RE: [RFC]Pid conversion between pid namespace

From: chenhanxiao@xxxxxxxxxxxxxx
Date: Mon Jul 21 2014 - 06:47:58 EST


Hi,

> -----Original Message-----
> From: Serge Hallyn [mailto:serge.hallyn@xxxxxxxxxx]
> Sent: Tuesday, July 15, 2014 12:16 PM
> To: Chen, Hanxiao/陈 晗霄
> Subject: Re: [RFC]Pid conversion between pid namespace
> > A-2) syscall pid_t getnspid(pid_t query_pid, pid_t observer_pid)
> > pros:
> > - ns procfs free, easy to use.
> > We could get rid of mounted ns procfs.
> >
> > cons:
> > - may find multiple results in nested ns.
> > We wished the new API could tell us the exact answer.
> > But if getnspid return more than one results will bring trouble to admins,
>
> (See below for more, but) the question being posed to getnspid has precisely
> one answer.
>
> > they had to make another decision.
> > Or we marked the deepest level for translation as prerequisite.
> >
> > -based on current pidns, no reference ns.
>
> Hm, no.
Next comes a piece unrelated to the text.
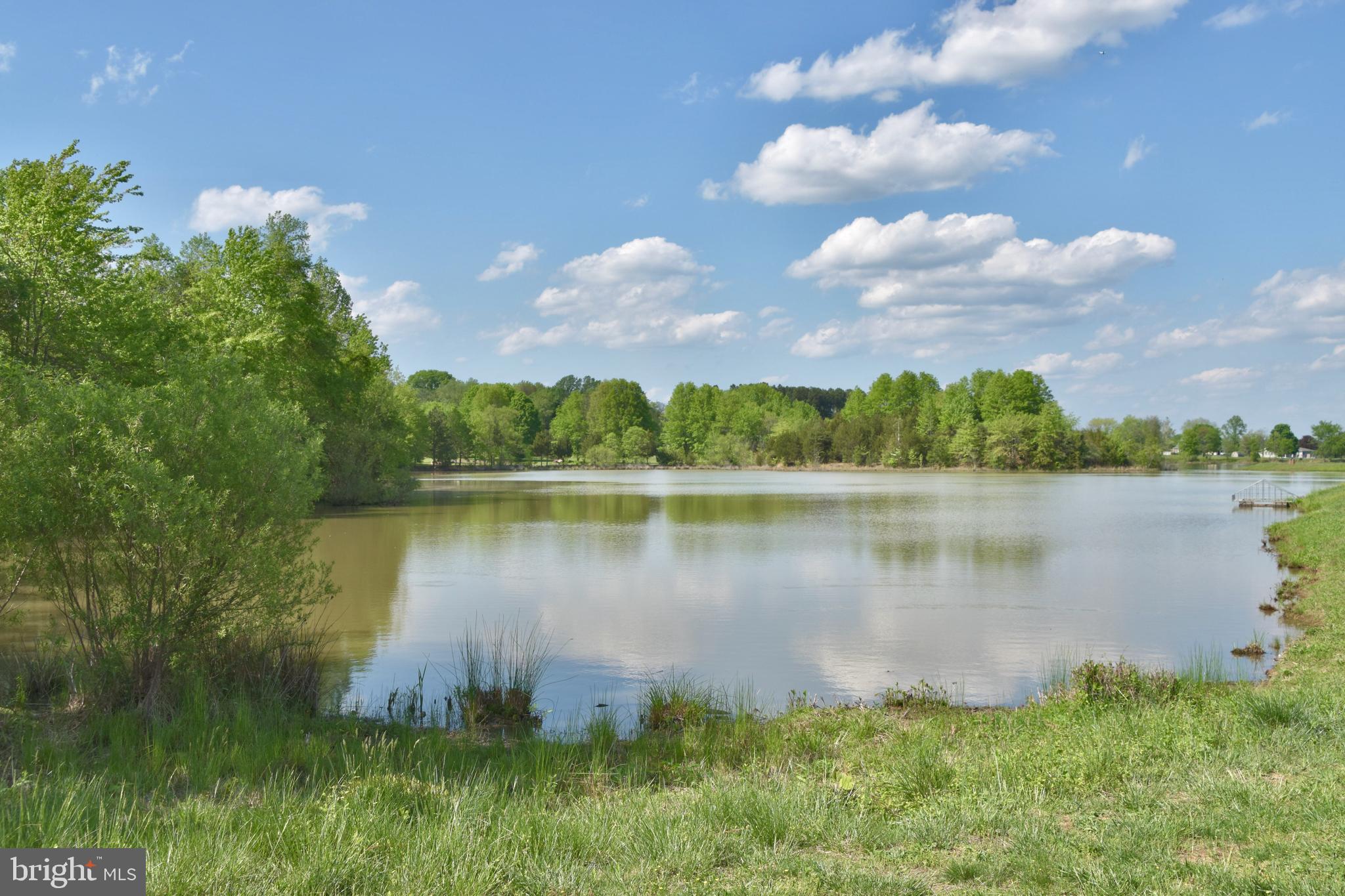 7495 LAKE WILLOW COURT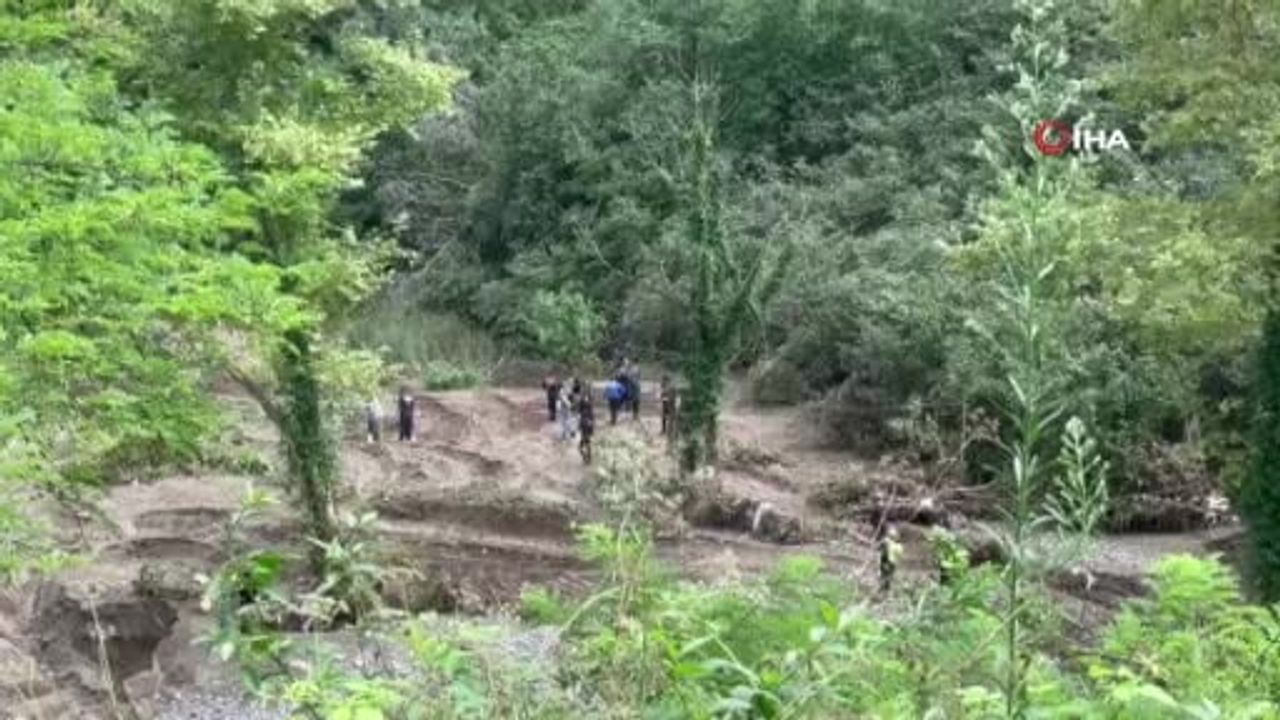 Keşap'ta selde kaybolan 16 yaşındaki Muhammed Abdullah Hakkıoğlu'nun cansız bedeni bulundu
The intent here was that
>
> observer_pid would be in current ns
> query_pid would be in observer_pid's ns.
>
> So this would be ideal for "I got a pid in a logfile created by rsyslog in
> a nested contaner, what is the logged pid in my pidns."
>
> Taking a set of tasks (like a container with nesting) and bulding a tree
> of all pids shouldn't be too difficult either. Start with the init pid,
> call getnspid($pid, $init_pid) for every $pid in the container; to figure
> out whether any $pid is itself a nested init_pid, we can compare the
> /proc/$$/ns/pid, as well as look at getnspid($pid, $pid).
I'm a little confused in this section:

Ex:
init_pid_ns ns1 ns2
t1 2
t2 `- 3 1
t3 `- 4 `- 5 1
t4 `-6 `-8 `-9
t5 `-10 `-9 `-10

For getnspid($pid, $init_pid),
Does init_pid means container's init_pid such as 3 for t2?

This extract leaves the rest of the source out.